In creating the necessary supply route, many Canadians died. Similar to many other towns in this part of Holland, the liberation of Apeldoorn was carried out by twelve regiments of the First Canadian Army. Private James Walter Walford, from the Saskatoon Light Infantry, and my home town, is buried at the Groesbeek Canadian War Cemetery a few kilometers away. He’s there with 2337 other Canadian soldiers who were killed liberating the citizens of France and Belgium starting in September 1944 and ending in this part of the Netherlands in April 1945.
Private Walford died on April 12, 1945 while liberating the Netherlands days before the war ended. If he’d made it until the end of the offensive on April 17, he probably would have gone back to Saskatoon and his family, and lived his life.
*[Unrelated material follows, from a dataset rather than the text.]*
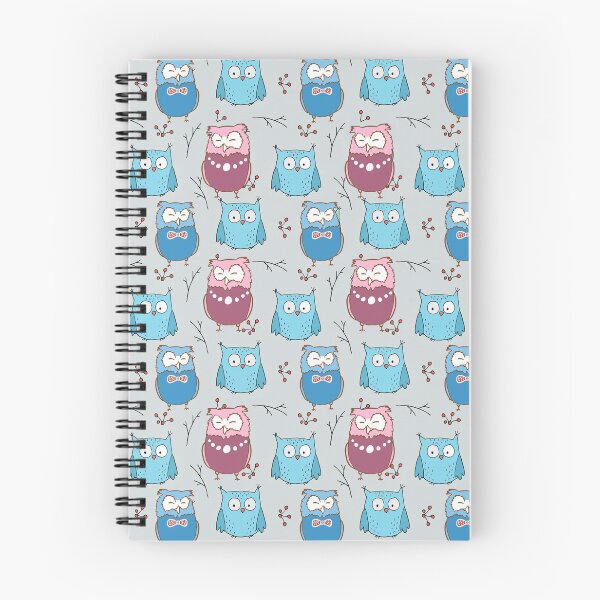 Item preview, Everybirdy  Owl Flower Pattern  designed and sold by Akmloza.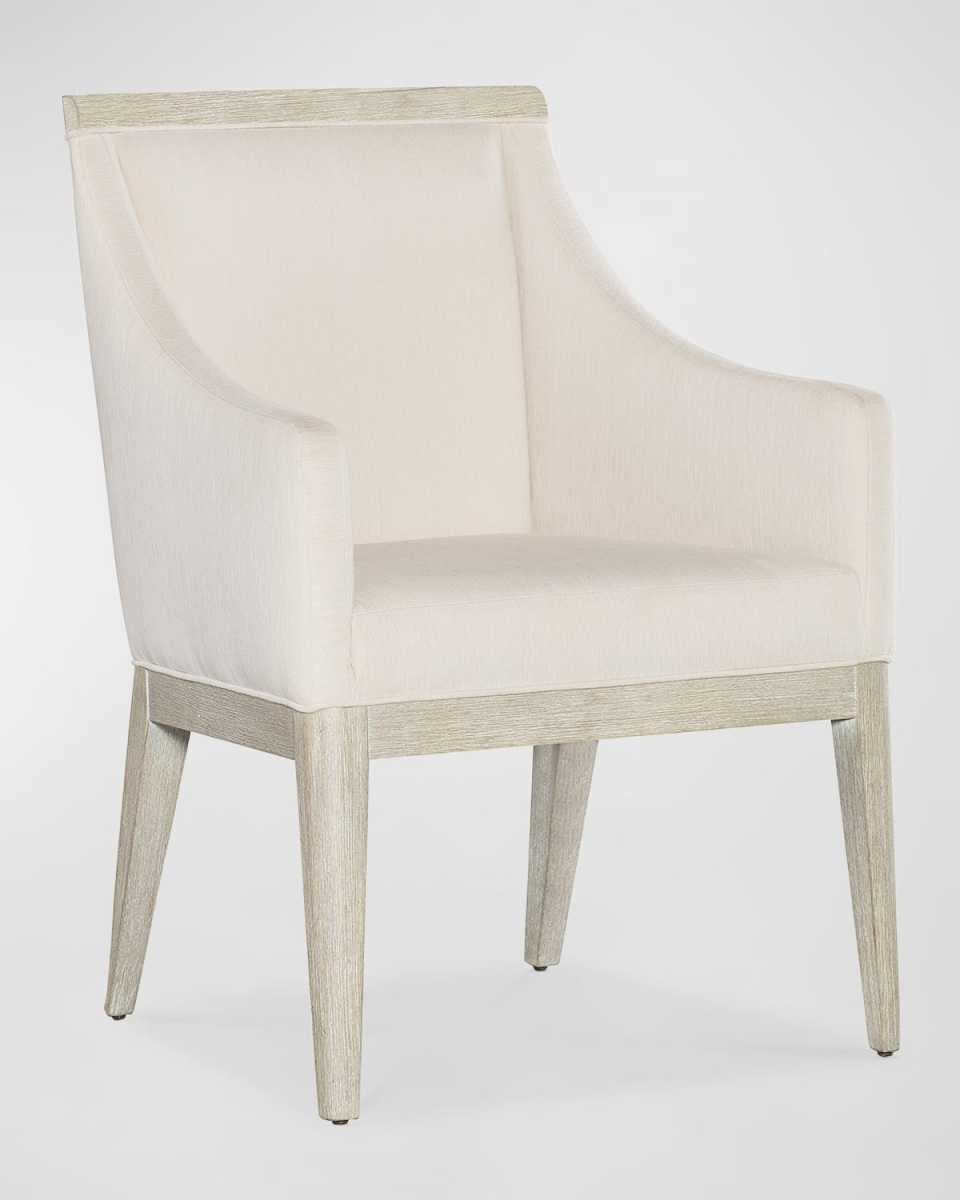 Modern Mood Dining Arm Chairs, Set of 2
But it didn’t work out for him. So I am going to his grave to pay my respects, and I am taking my family with me.
So what I’ve learned? Besides a little history? Maybe the important parts of our three month trip are NOT the tourist destinations. They’re the places I didn’t expect to go. Like Apeldoorn. Like Groesbeek’s War Cemetery that is still tended by Dutch school children.
Or maybe I re-learned that Canadians are great. Last night I had the opportunity to eat out with my husband at one of Arnhem’s finer eateries along the Rhine. Such good food and so pretty! While there I was lamenting “How will we go back to Canada and live there?” “What have we got that’s great?” “It’s a backwater!!” Now before anyone tries to revoke my Canadian citizenship, you have to acknowledge we are not titans of art and culture like Europeans are. Nor are we necessarily titans of business like our neighbors to the south of us. That’s ok (maybe).
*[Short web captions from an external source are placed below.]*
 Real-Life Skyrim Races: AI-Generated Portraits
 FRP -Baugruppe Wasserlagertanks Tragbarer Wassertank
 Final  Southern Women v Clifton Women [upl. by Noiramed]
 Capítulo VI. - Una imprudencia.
But we are good people. We are very good people. The young men and women who go fight for us around the world are a testament to that. I read several first-hand accounts of what these men found in Holland in 1945. Men who were hardened by years of front-line fighting and deprivation. They were horrified by the emaciation and hunger in the eyes of Dutch children. They gave away their cans of beans that they were warming for their own dinner. The Canadians actually stopped advancing through western Holland at one point because they were concerned for the well being of the refugees. The Germans had decided to blow up the dykes to flood the communities and drown the Dutch refugees. I looked at photos of entire communities engulfed in water and all you could see was the spire of the local church. Every thing and everyone was under water.
Canadian soldiers were put in the position as the liberators of the Dutch people and every generation of Canadians should always be very, very proud of that privilege. I am.
*”A Bridge Too Far”, 1977, directed by Richard Attenborough. It starred James Caan, Michael Caine, Sean Connery, Anthony Hopkins, Ryan O’Neal, Robert Redford and Elliott Gould and is based on the 1974 book (same title) by Cornelius Ryan.
Also, a 1946 film “Theirs is the Glory” is a British documentary film about the battle at Arnhem and the men who fought at Arnhem star in the movie.